## TASK ITEM
The full listing is to be returned exactly as given, but without pictures.

::::

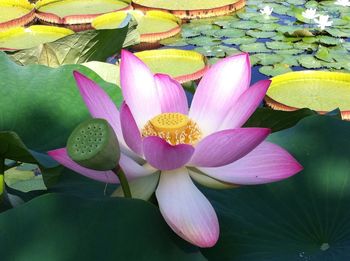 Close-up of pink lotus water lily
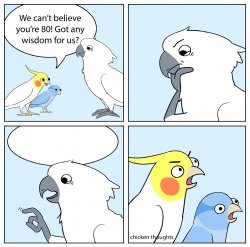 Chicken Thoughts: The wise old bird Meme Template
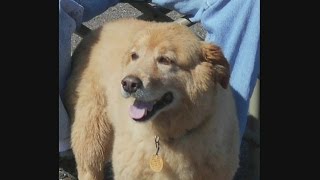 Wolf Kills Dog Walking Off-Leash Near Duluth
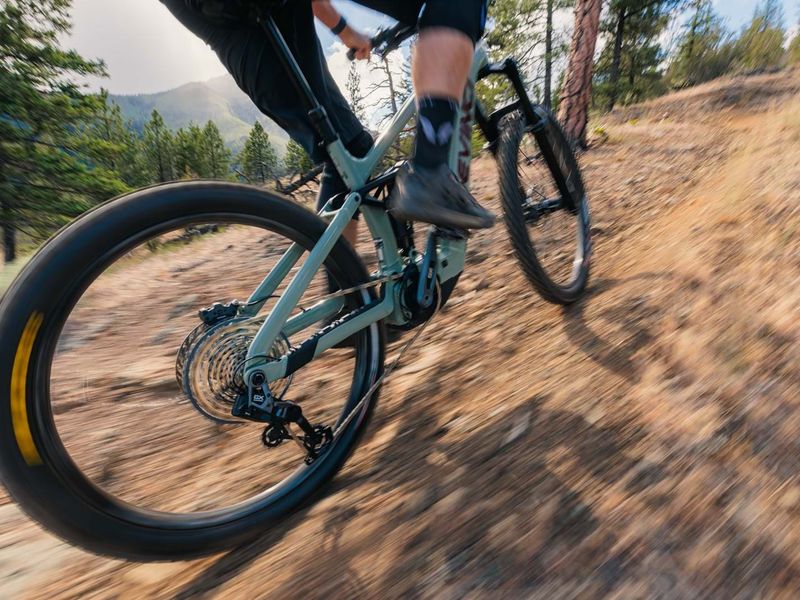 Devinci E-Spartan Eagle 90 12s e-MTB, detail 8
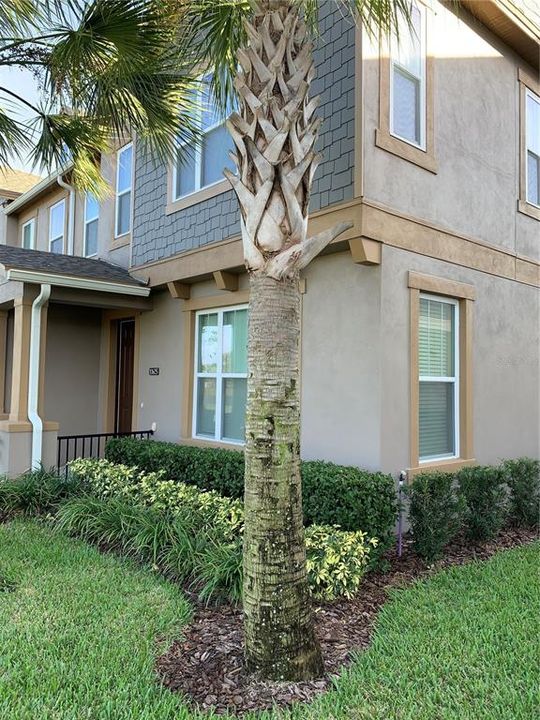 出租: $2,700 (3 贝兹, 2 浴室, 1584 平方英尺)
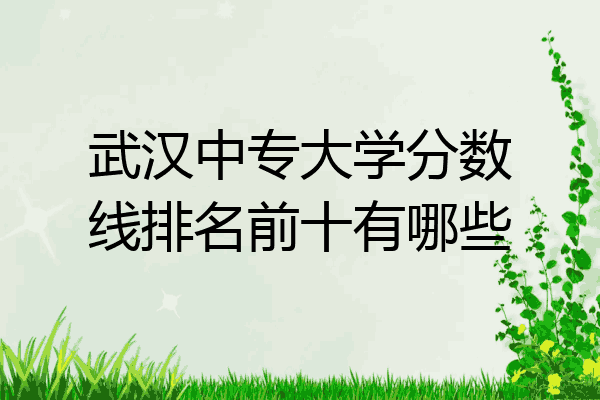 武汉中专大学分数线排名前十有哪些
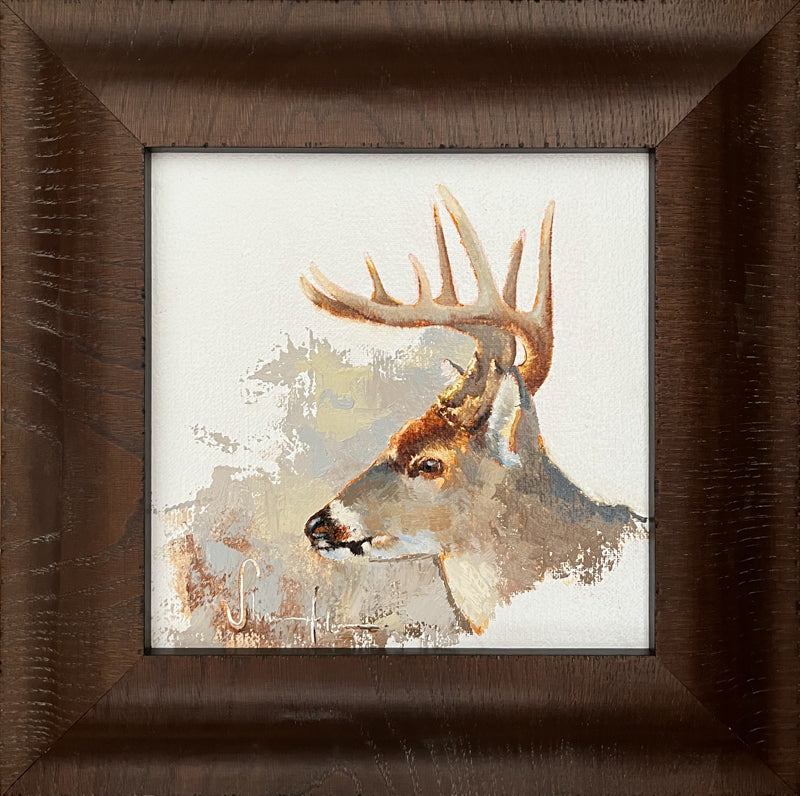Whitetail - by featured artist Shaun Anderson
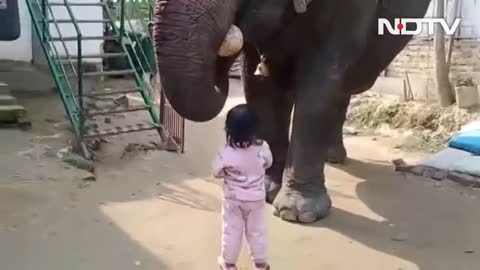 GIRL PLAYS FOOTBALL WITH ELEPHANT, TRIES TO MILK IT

::::

## FINISHED TASK
 Close-up of pink lotus water lily
 Chicken Thoughts: The wise old bird Meme Template
 Wolf Kills Dog Walking Off-Leash Near Duluth
 Devinci E-Spartan Eagle 90 12s e-MTB, detail 8
 出租: $2,700 (3 贝兹, 2 浴室, 1584 平方英尺)
 武汉中专大学分数线排名前十有哪些
Whitetail - by featured artist Shaun Anderson
 GIRL PLAYS FOOTBALL WITH ELEPHANT, TRIES TO MILK IT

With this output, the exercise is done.